Information provided:

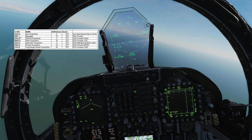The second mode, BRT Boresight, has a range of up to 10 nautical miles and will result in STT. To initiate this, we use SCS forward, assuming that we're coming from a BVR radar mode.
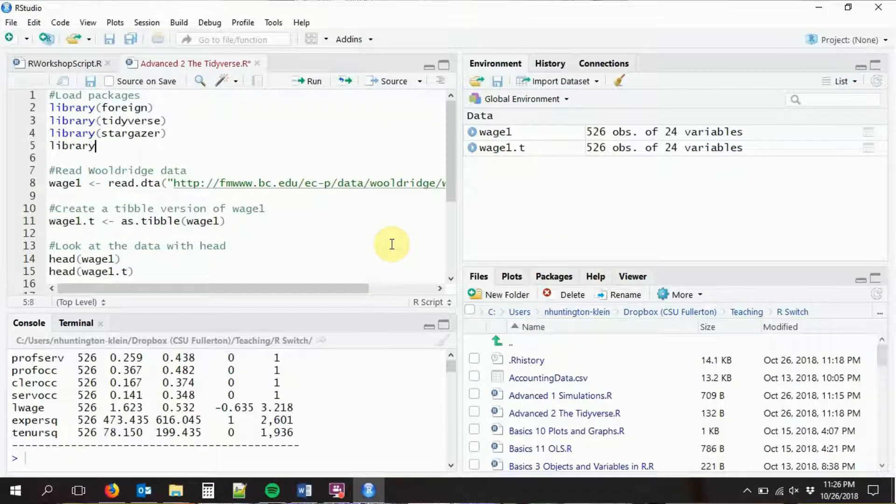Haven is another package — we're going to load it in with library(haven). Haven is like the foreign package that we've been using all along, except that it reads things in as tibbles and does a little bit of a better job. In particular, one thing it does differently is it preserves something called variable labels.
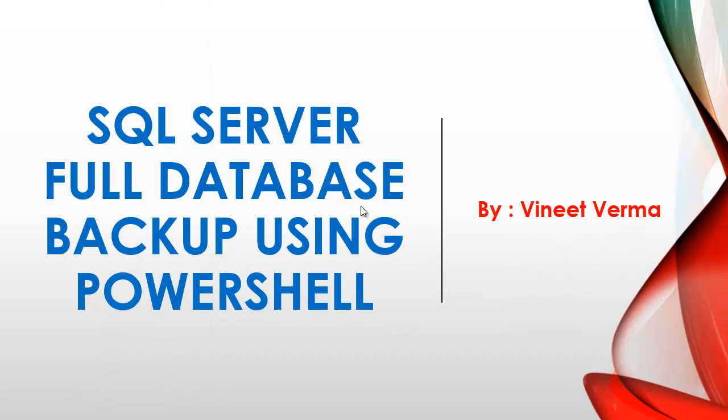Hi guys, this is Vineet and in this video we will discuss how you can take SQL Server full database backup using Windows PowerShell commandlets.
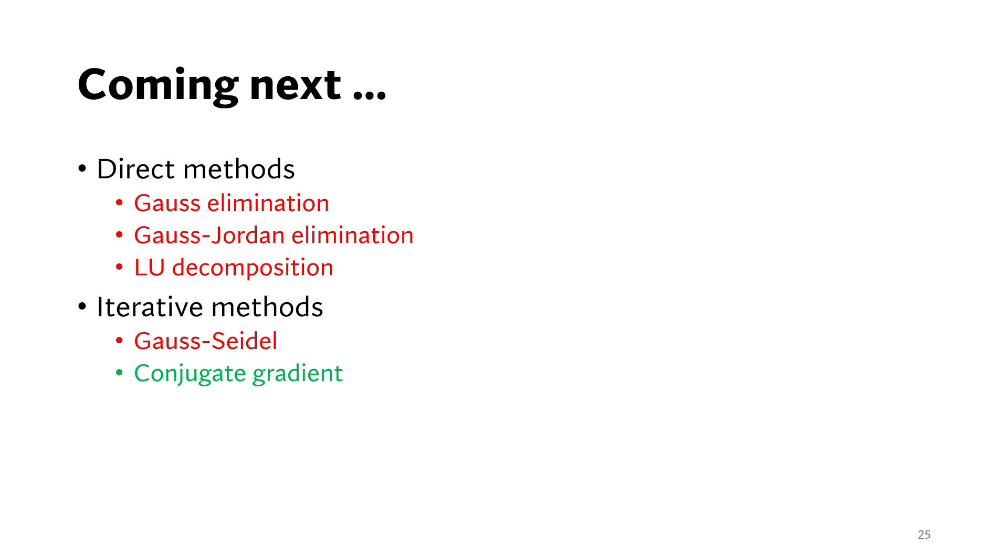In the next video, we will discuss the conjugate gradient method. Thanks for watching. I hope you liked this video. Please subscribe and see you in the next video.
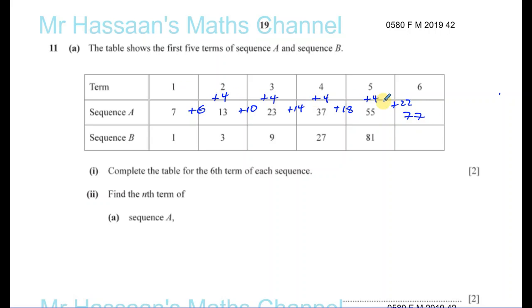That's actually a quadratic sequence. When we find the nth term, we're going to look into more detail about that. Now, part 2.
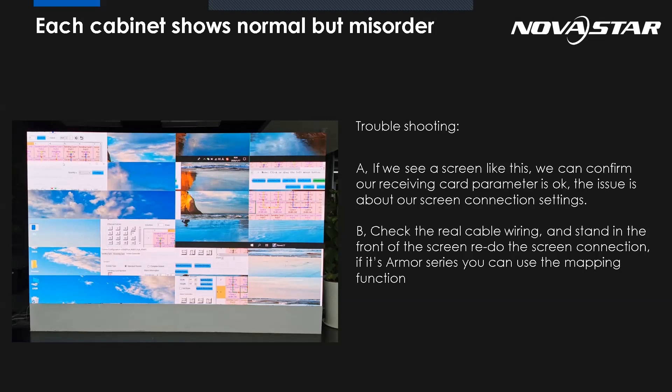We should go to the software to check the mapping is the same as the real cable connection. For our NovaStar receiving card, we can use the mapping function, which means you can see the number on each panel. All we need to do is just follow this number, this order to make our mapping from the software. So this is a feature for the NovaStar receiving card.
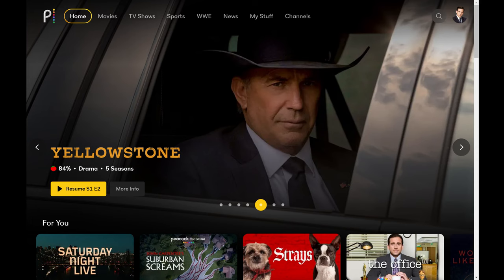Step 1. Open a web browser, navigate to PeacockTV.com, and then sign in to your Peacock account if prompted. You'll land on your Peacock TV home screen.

Task to carry out: With every picture omitted, write out the material exactly from its first line through the line containing "Hi guys, this".

Solution to the exercise:
The second mode, BRT Boresight, has a range of up to 10 nautical miles and will result in STT. To initiate this, we use SCS forward, assuming that we're coming from a BVR radar mode.
Haven is another package — we're going to load it in with library(haven). Haven is like the foreign package that we've been using all along, except that it reads things in as tibbles and does a little bit of a better job. In particular, one thing it does differently is it preserves something called variable labels.
Hi guys, this is Vineet and in this video we will discuss how you can take SQL Server full database backup using Windows PowerShell commandlets.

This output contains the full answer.